### [WHAT THIS TASK INVOLVES]
The response should hold each line from the entries below where "Shirt" is found.

[Records excerpted from a collection]
***

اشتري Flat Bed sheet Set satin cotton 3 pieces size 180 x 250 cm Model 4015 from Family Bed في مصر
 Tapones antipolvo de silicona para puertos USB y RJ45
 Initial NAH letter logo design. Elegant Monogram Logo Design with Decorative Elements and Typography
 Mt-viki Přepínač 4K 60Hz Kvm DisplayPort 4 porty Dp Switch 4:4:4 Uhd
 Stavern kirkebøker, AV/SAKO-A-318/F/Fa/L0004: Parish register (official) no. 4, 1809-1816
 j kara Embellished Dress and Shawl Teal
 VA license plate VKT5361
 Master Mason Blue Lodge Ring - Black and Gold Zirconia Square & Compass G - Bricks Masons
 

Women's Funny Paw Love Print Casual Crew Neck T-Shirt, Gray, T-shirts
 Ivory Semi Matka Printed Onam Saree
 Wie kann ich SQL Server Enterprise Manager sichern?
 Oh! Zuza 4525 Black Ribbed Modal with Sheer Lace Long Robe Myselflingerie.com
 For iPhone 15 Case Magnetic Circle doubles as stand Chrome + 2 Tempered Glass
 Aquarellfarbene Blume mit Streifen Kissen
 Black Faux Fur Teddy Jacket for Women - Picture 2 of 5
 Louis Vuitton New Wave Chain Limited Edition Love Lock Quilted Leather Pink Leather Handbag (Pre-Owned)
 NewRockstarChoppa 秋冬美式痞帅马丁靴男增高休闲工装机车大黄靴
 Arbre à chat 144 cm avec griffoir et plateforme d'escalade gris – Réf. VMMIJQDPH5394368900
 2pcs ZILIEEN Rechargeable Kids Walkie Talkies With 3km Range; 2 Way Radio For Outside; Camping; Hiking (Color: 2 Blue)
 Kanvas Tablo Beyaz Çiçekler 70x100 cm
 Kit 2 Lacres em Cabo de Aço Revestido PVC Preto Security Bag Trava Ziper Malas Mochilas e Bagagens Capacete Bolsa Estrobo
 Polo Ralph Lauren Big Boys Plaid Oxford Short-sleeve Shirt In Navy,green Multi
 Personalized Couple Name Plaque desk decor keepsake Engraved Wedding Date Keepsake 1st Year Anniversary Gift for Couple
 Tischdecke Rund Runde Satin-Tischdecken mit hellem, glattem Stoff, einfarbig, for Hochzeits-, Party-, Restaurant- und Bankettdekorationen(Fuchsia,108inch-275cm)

***

### [ANSWER TO THE PROBLEM]
Women's Funny Paw Love Print Casual Crew Neck T-Shirt, Gray, T-shirts
 Polo Ralph Lauren Big Boys Plaid Oxford Short-sleeve Shirt In Navy,green Multi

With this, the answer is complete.